AVAILABLE DATA:
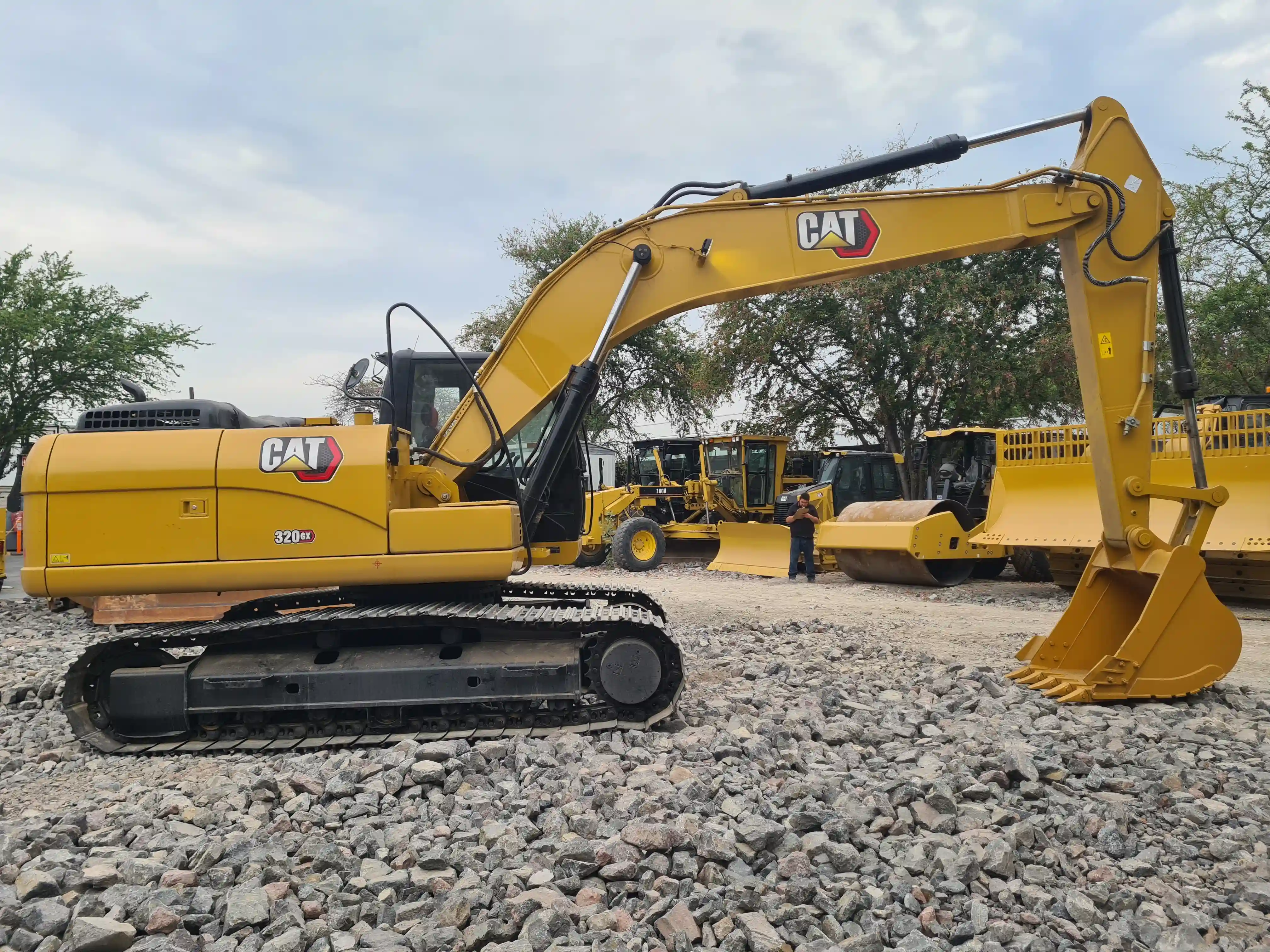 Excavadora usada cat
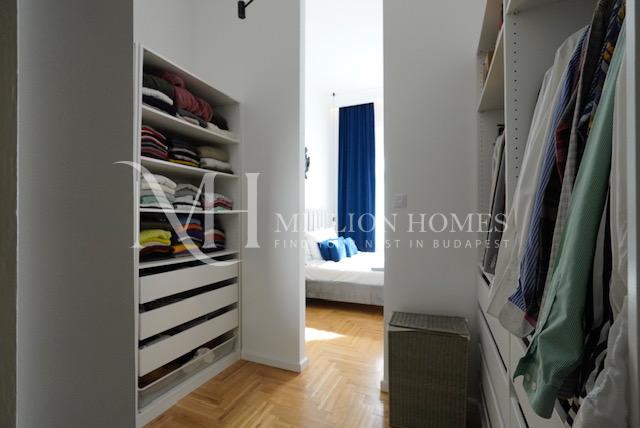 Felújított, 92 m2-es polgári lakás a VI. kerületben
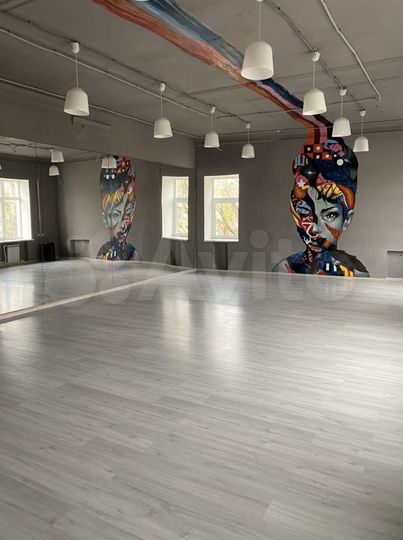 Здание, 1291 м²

--

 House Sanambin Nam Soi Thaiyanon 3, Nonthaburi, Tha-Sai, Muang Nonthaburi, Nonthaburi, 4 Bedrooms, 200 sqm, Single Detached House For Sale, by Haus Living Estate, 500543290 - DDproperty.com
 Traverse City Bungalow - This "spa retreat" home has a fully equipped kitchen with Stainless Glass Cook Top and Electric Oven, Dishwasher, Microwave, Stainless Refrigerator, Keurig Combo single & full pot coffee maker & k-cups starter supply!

EXERCISE DIRECTIONS: Using the entries above, write out exactly the lines from the one with "Excavadora usada cat" through the one with "Здание, 1291 м²", ends included. Leave out any pictures.

OUTPUT FOR THIS EXERCISE:
 Excavadora usada cat
 Felújított, 92 m2-es polgári lakás a VI. kerületben
 Здание, 1291 м²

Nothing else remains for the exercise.